July 11, 2008

Literature in a Technological World



Most technology becomes irrelevant over time as someone introduces a new way to build a house, throw an arrow, play a game, or share music. In contrast, well-crafted literature, like Homer retold in his epic poem Odyssey, endures as a relevant part of the human experience for three millennia and longer. Technology merely makes life more comfortable and enjoyable and at times may even prolong days or years. The tools used to shape a life of comfort and ease, however, never give it meaning and purpose the way literature does. Literature is heartache, anger, blasphemy, exuberance, and despotism, but it is also passion, joy, worship, reverence, and freedom. It is built of the elements that celebrate life; literature is life. With each turn of a page, a reader loves, hates, dies, and is born again.

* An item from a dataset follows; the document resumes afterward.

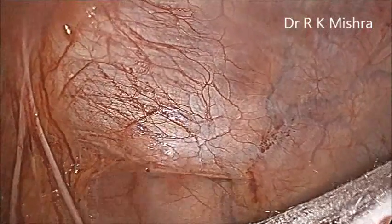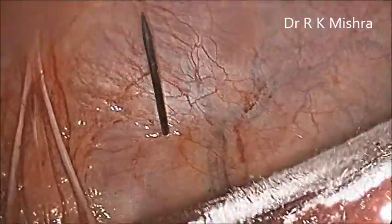Now we will fold it like a sari — like a cigarette fold, like pleated. Then we will hold it with one big long-jaw artery forcep and push it in. And here it goes — this is the mesh inside.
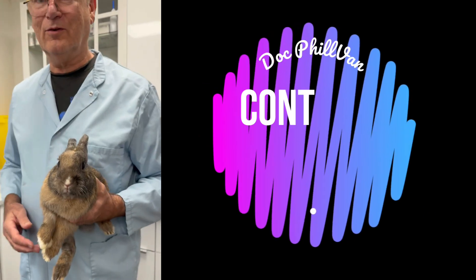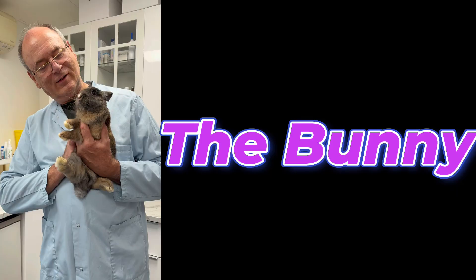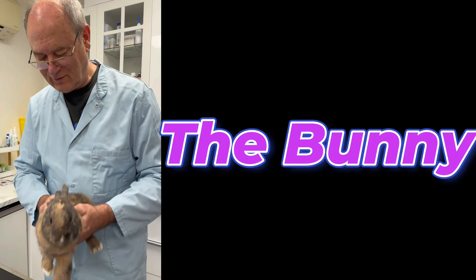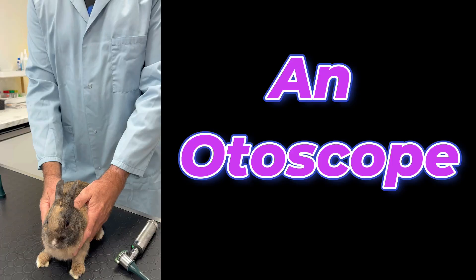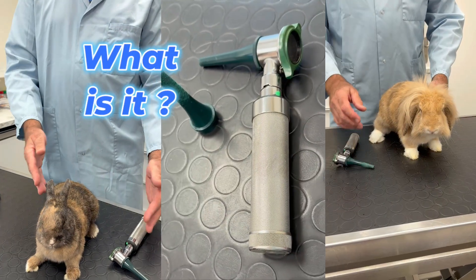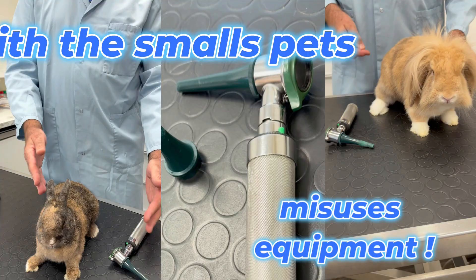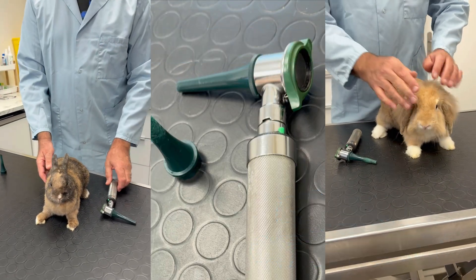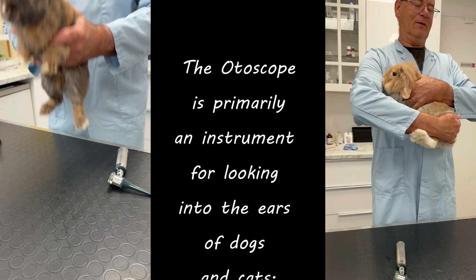I'm going to show you how to examine this little rabbit's teeth. Here is a little rabbit, and we have to look at all its teeth. To have a look, I'll use our otoscope. With the bunny, we repurpose equipment. The otoscope is originally an instrument used to look inside the ears of dogs and cats.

When I was ten-years-old, I languished in a German concentration camp with other unfortunate women through Corrie ten Boom’s The Hiding Place. Since then, I have faced life with greater determination and gusto than someone who merely dies a thousand deaths in a simulated game can ever appreciate. Although one might argue my suffering was merely vicarious, because ten Boom crafted a well-written story I came to appreciate the struggles of Corrie and her sister Betsie in a way that made those experiences a part of my own life. Even if characters are fictional, life implications are real. I endured slavery with Eliza in Stowe’s Uncle Tom’s Cabin as though I was confined with her because the fictional story captured actual human experience. Since then I have enjoyed a freedom that only those who have shared the tragedy of slavery can appreciate.

In today’s world of blinking lights and constant beeps from slim phones announcing themselves at inconvenient times, we are constantly reminded of the importance of technology to our daily existence. However, amidst the din of white noise as technology insists we give it attention, literature still has the power to take us far from the superficial world of longing, getting, and possessing, into a world of solitude exposing those quiet places in our soul to the things that make us most human. It is during these moments that literature accomplishes what technology never can. While technology may make our lives more comfortable, literature can make them uncomfortable in ways that transform us and give our existence greater meaning and purpose. Therefore, as we suffer at the hands of unscrupulous suitors with Penelope, feel the sting of condemning friends with Job, experience pathos as Hamlet faces unavoidable tragedy, or feel indignant about class prejudice with Eliza Doolittle, we experience life in a way that will never go out of fashion or become obsolete. This experience gives life meaning and purpose.